So, you see, if your driver is like most - if you don't use embedded assembler, you don't pass pointers inside your IOCTL buffers (yuck!), and your DMA implementation isn?t broken - all you'll need to do to get your driver running on the AMD64 under 64-bit Windows is find the places that you store or cast pointers, and change those data types from ULONG to ULONG_PTR. Then you re-compile, add the necessary "installMyDriver.NTAMD64" section to your INF, and you're done.

Data Types Old and New

So far, we've explained to a few hundred driver writers how to convert their 32-bit drivers to run under 64-bit Windows on the AMD64. Of the things they need to learn, it seems to me that the hardest thing for them to grasp is what they don't need to do. So, let me be very clear:

The size of LONG and ULONG does not change. It's always 32 bits.

Got that? Likewise INT and UNIT and DWORD (you're not using these data types anyhow, right) don?t change. They're always 32 bits. Similarly, the size of LONGLONG and ULONGLONG is always 64-bits. It doesn?t matter whether you're running on 64-bit or 32-bit Windows.

Another thing you don't need to worry about: Unlike other 64-bit Windows platforms, on the AMD64 failing to align data structures on their "natural" alignment (that is, failing to align ULONGS on integral 32 bit boundaries and ULONGLONGS on integral 64 bit boundaries) does not cause a fatal error. Of course, it's always good practice to align your data items naturally for best performance. But, if you forget to do so, 64-bit Windows on the AMD64 will not blue screen.

Also, you don't have to worry about "normal" use of pointers. Let's say you have a pointer in your device extension, that's declared as follows:

PMDL CurrentMdl;

In this case, there's no work required on your part. The PMDL will be 32 bits on 32-bit Windows and 64 bits on 64-bit Windows.

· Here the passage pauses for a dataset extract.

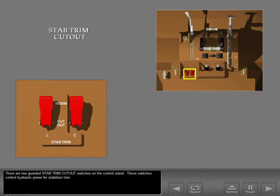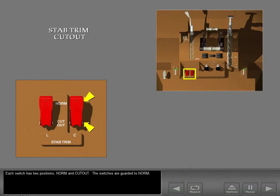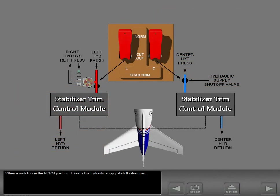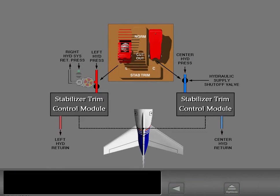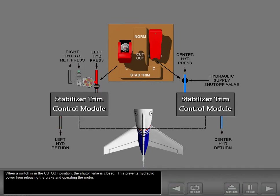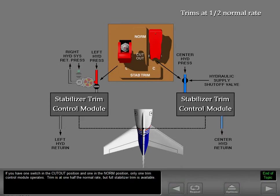There are two guarded stabilizer trim cutout switches on the control stand. These switches control hydraulic power for stabilizer trim. Each switch has two positions — normal and cutout — and the switches are guarded to normal. When a switch is in the normal position, it keeps the hydraulic supply shutoff valve open. When a switch is in the cutout position, the shutoff valve is closed, preventing hydraulic power from releasing the brake and operating the motor. If you have one switch in the cutout position and one in the normal position, only one trim control module operates — trim is at one-half the normal rate, but full stabilizer trim is available.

What do you have to worry about in terms of data structures? Well, basically, you have to worry about places where you explicitly or implicitly cast pointers to ULONGS. For such cases, where you want a data type that's "pointer precision" (i.e., as long as a pointer is on whatever system your driver?s compiled for), you use ULONG_PTR. So, let's say you have the following field declarations in your device extension:

ULONG currentMdl;
ULONG MdlPointers[10];

And you use these as follows in your driver code:

devExt->MdlPointers[currentMdl++] = (ULONG)Irp->MdlAddress;

Well, that's not going to work on a 64-bit system, is it! Because ULONG is always 32 bits, on a 64-bit system you?re trying to hammer a 64-bit pointer into a 32-bit storage location. Fortunately, the compiler will see this and slap you with an error.

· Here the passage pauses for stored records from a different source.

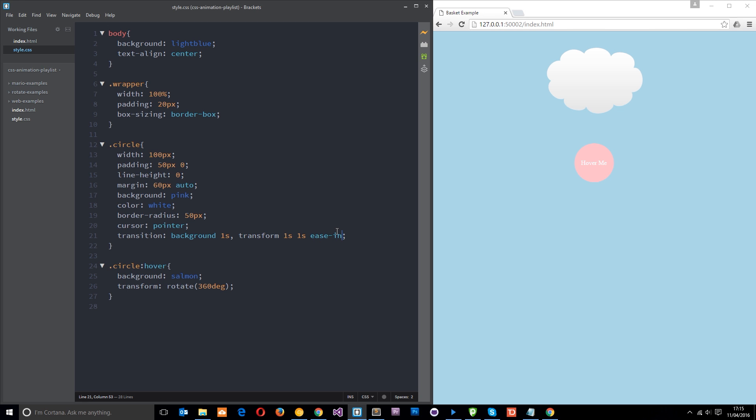But if I change this to ease in, then what that's going to do is start off slower and gradually speed up. So now if I hover over, starts off slower, then speeds up. Starts off slow and speeds up. So there's a few different timing functions we can use. We can use ease in, we can use ease out or just ease. And they're all going to do different things. So you can have a play around with those, see what they do.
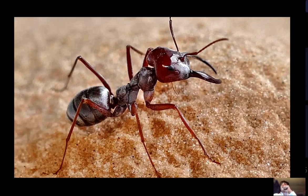Echinoderms are invertebrates with radial symmetry, no cephalization, and they reproduce sexually. An example of an echinoderm is a sea urchin.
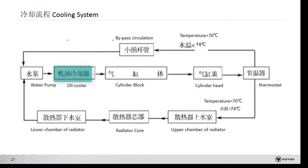When the oil cooler body has cracks or pinholes, during engine operation, the oil pressure is higher than the coolant pressure, so oil enters the cooling system. When the engine is stopped, the oil pressure is lower than the coolant pressure, so coolant enters the lubrication system.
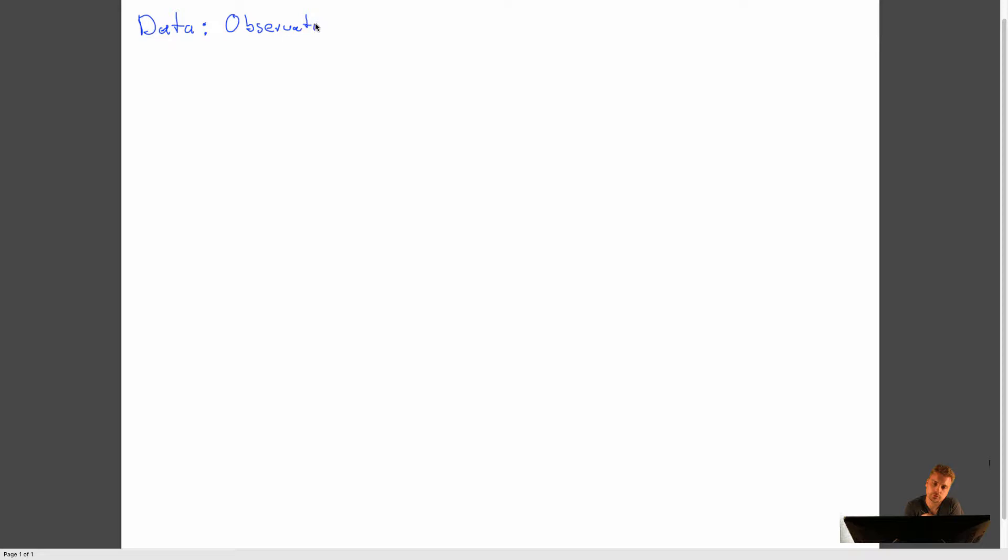The first term is data. Since we are part of a scientific process, for us, data will be observations, or symbols pertaining to observations. So for now, we just call that observations.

How's this fixed? All you need to do is change the data type and cast as follows:

Declaration:

ULONG currentMdl;
ULONG_PTR MdlPointers[10];

Code:

devExt->MdlPointers[currentMdl++] = (ULONG_PTR)Irp->MdlAddress;

 

There are a couple of things to take note of in the changes above. First, there's no reason to change the declaration of currentMdl. I'm thinkin' that 32 bits is probably big enough to hold a number that'll never get higher than 9. By changing the declaration of MdlPointers from ULONG to ULONG_PTR, we've said that the field will be 32 bits on 32-bit Windows and 64 bits on 64-bit Windows. As an aside, you might note that if the data structure had been more strongly typed initially, the cast would have been unnecessary and there wouldn't have been any changes required to the code. Thus, if the initial author had written:

PMDL MdlPointers[10];

the compiler would have no cause to complain and the storage would be automatically 64 bits.

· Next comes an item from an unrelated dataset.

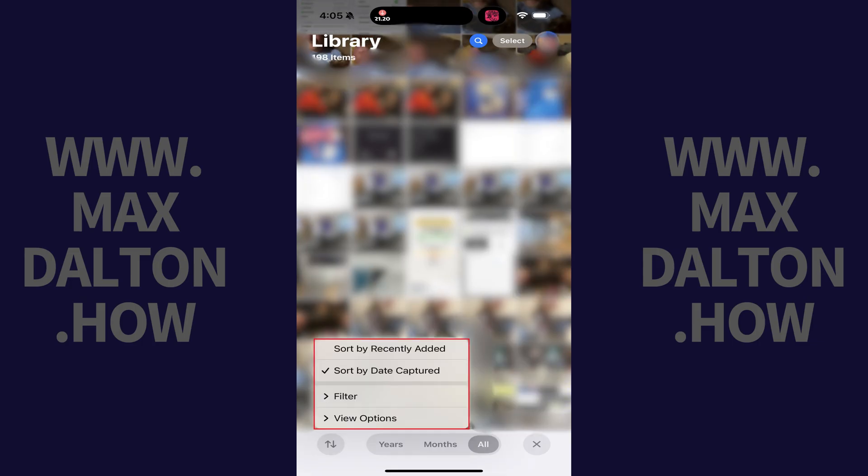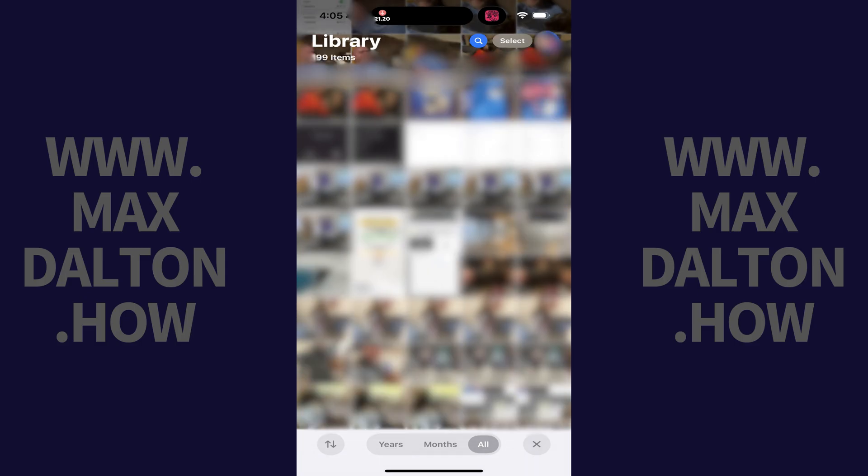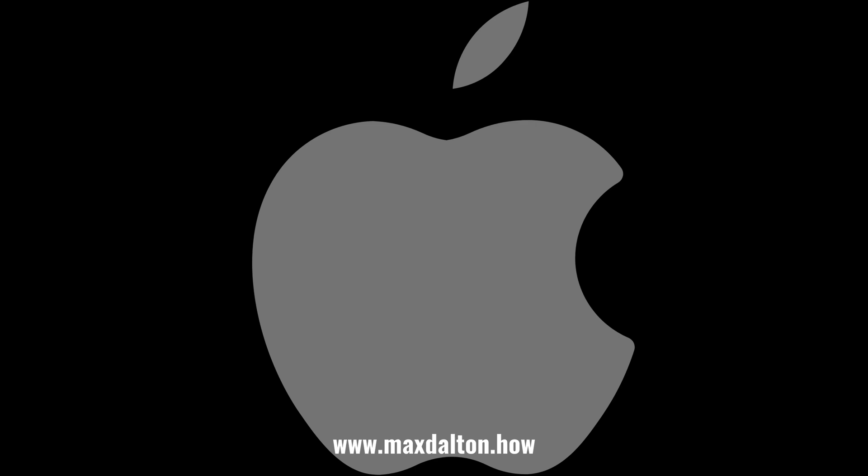A menu opens. Step 3: Tap to place a check mark next to Sort by Recently Added. Your photos will automatically be sorted in the order they were most recently added to the Photos app.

Another interesting point to mention here is that the compiler will align the pointer precision data structures on their natural boundaries by default. But if you want to be 100% sure, or you want to make such an alignment change obvious to future maintainers, or your code includes changes to the default packing, you can use the following syntax:

 

Example of forced alignment change:

(Do not do this unless absolutely required by your code):

#pragma pack(1)  // change packing to byte alignment... YUCK!
ULONG currentMdl;
ULONG_PTR POINTER_ALIGNMENT MdlPointers[10];

The POINTER_ALIGNMENT declaration forces the data type being declared to be aligned on an integral (i.e., "natural") boundary based on its length.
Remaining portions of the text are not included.